The $50 billion Alliant 2 IT contract has moved forward with evaluations and awards for the General Services Administration after several protests were denied against it. On Wednesday, the head of GSA’s IT office, Mary Davie, tweeted:

“We had a few protests on Alliant 2 on several issues,” “They have all been dismissed. We are proceeding with evaluations and award.”

The first Alliant IT contract was launched in 2007 to meet the everchanging IT needs of federal agencies on one full-range vehicles.

Some IT companies found issue with the details of the arrangement. It was protested “that the RFP’s evaluation scheme is improper, that the agency is unreasonably assigning certain points to small businesses, and that limiting the number of awardees to 60 will not result in competition at the task order level,” to the Government Accountability Office by IT contractors based in Northern Virginia such as Enterprise Information Services, Buchanan & Edwards, Sevatec and InfoReliance Corporation.

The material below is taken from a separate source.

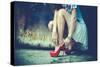 Woman Legs In Red High Heel Shoes And Short Skirt Outdoor Shot Against Old Metal Door-coka-Stretched Canvas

However, GAO found the protests unfounded, as summarized by FedScoop:

On the evaluation scheme: It’s “impermissible for failing to properly consider price is denied; the Federal Acquisition Regulation permits agencies to use any one or a combination of source selection approaches to obtain the best value.”
On the assignment of points to small businesses: “[T]he protesters have not shown that the agency’s allocation of points is unreasonable, or otherwise alleged that the agency is engaging in improper disparate treatment.”
On limiting awardees to 60: “Record shows that the agency intends to award approximately 60 contracts, and has taken other steps to encourage competition at the task order level.”

Base period of performance will be 5 years with an option for 5 year extension and a maximum of $50 billion all in for Alliant 2 contracts.